At the risk of sounding like a slob, I wore the same pair of underwear for weeks on end as a guy, and now that's just not possible. A couple of days maybe but even then I become so aware of it that I feel like everyone can basically read my panties. So I've gotten very familiar with the laundromat on the corner. In fact, until she got a job, Derek was doing the laundry, and to my surprise, was very good at it, in that I never heard her complain and I'm constantly wondering if I'm doing it right, stressing out (I've ruined a couple of perfectly good bras, and am currently wondering if I should track down exact replacements as a courtesy to Angie.)

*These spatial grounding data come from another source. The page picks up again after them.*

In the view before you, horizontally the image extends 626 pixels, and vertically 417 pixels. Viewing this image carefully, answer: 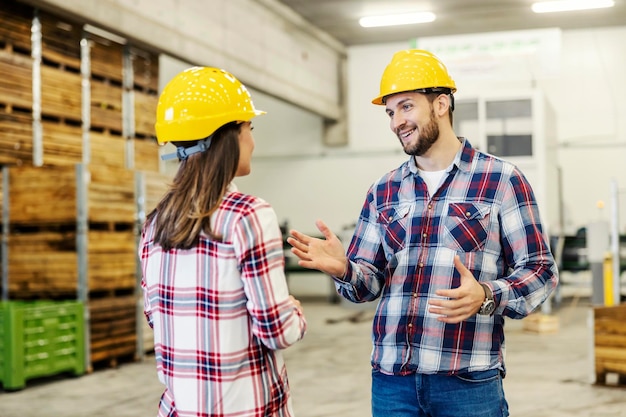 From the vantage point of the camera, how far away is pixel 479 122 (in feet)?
48.8

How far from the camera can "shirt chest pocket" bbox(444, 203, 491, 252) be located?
2.62 metres

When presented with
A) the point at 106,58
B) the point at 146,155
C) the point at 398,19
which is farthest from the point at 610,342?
the point at 398,19

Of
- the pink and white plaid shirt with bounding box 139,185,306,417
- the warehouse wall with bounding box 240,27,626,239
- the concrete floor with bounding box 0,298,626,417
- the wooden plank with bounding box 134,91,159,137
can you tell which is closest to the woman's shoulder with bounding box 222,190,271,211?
the pink and white plaid shirt with bounding box 139,185,306,417

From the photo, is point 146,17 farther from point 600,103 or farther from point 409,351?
point 600,103

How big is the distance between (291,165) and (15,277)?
10.8 meters

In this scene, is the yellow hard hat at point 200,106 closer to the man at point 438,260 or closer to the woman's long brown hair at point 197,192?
the woman's long brown hair at point 197,192

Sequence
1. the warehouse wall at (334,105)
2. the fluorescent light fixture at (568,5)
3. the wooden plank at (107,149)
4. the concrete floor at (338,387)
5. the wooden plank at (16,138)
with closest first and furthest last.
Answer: the concrete floor at (338,387), the wooden plank at (16,138), the wooden plank at (107,149), the warehouse wall at (334,105), the fluorescent light fixture at (568,5)

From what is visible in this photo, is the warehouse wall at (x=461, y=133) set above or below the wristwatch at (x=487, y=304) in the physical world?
above

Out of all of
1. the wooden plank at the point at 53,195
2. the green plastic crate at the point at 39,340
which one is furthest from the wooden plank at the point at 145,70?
the green plastic crate at the point at 39,340

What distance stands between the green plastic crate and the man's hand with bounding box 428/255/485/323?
239 inches

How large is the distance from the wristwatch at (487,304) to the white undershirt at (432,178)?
43 centimetres

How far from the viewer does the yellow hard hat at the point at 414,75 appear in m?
2.75

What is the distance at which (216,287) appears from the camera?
2088 millimetres

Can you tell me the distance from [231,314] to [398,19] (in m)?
14.4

So every day begins with the selection of a fresh pair. Sometimes, to save time in the morning, I jump ahead by changing the night before, but if I think I might be on my period this is a waste, so I don't normally bother. Panties. I've written the word a few times in this post already and it still gives me a chill, let alone trying to say it out loud. It sounds so girly and cutesy... which is what they are. I was a plain white or black underwear kind of guy, since it's not like anybody was seeing them except me. They gave me room to let my "guys" breathe but not feel like they were flopping around. Now it's like... all a "piece" down there, packed in tight.
Tight is the word. Women come in all sorts of shapes - mine happens to be very, very slender, so I guess their clothes are designed to conform. I remember my first impression, digging through this girl's underthings, besides feeling like a totally perverted invasion of privacy, was that how could anybody risk cutting off circulation like that? I haven't worn briefs since I hit the fifth grade. But it all works differently for girls. There are a couple of pairs of "girl boxers" in the selection, but I find the breezyness... unsettling. Like I'm more aware that there's nothing down there when the area isn't clamped tightly. It doesn't mean I have to give myself a wedgie, but it means that the whole real estate is different in ways I wouldn't have guessed.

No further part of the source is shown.